Provided material:
* * * * *

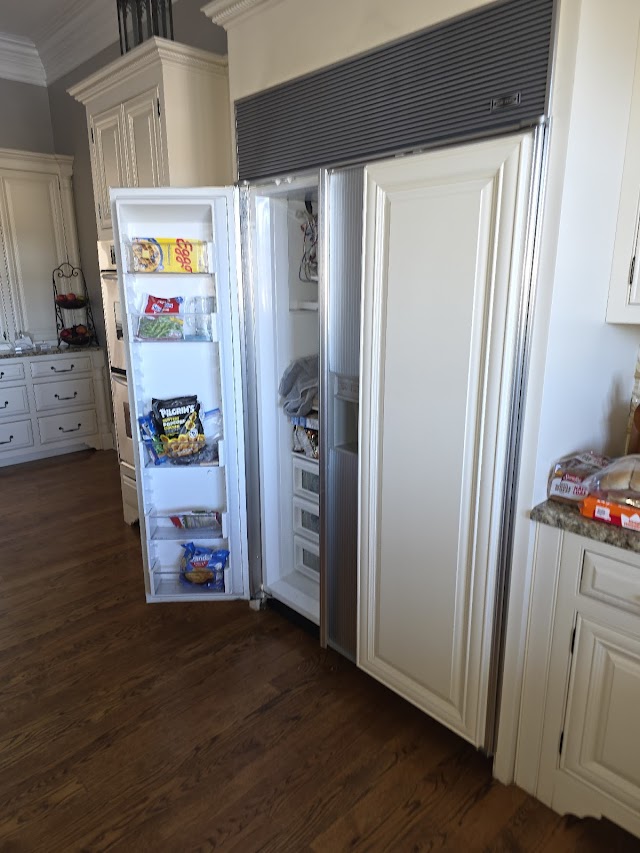 Inspire Appliance Repair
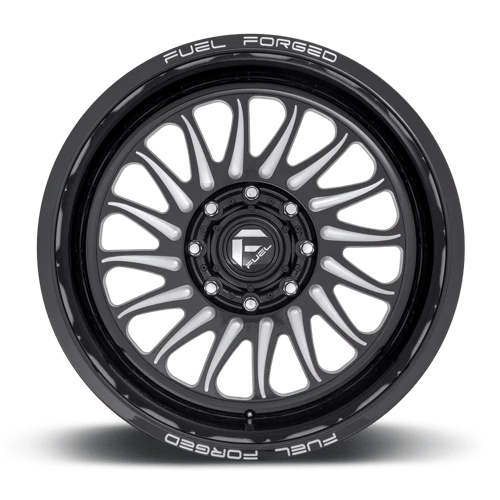 FF103 20X14 BLANK BLACK -69MM (114-180)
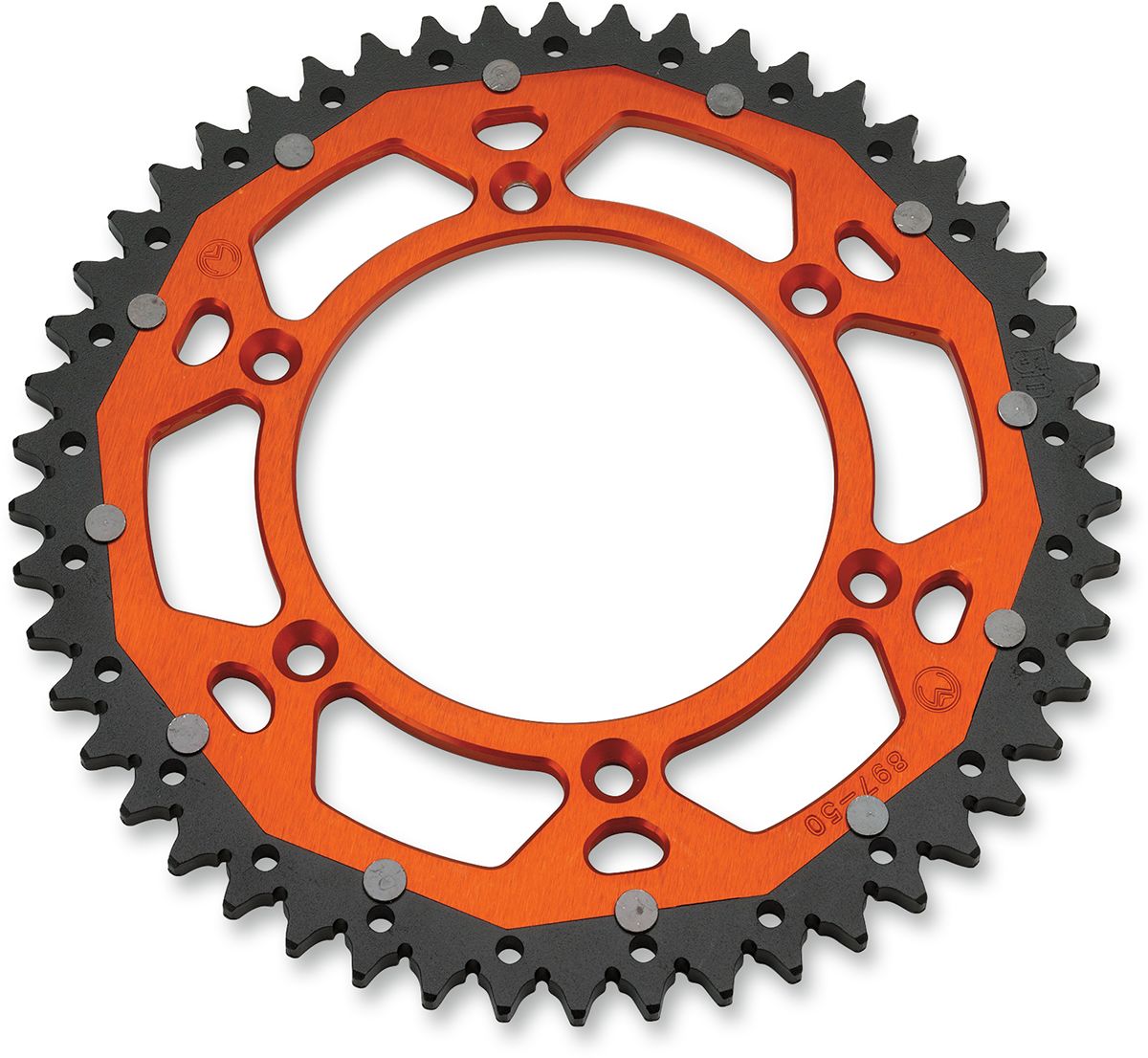 Dual Sprocket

* * * * *

Action item: The listing above is to be retyped word for word, with the pictures omitted.

Solution to this exercise:
 Inspire Appliance Repair
 FF103 20X14 BLANK BLACK -69MM (114-180)
 Dual Sprocket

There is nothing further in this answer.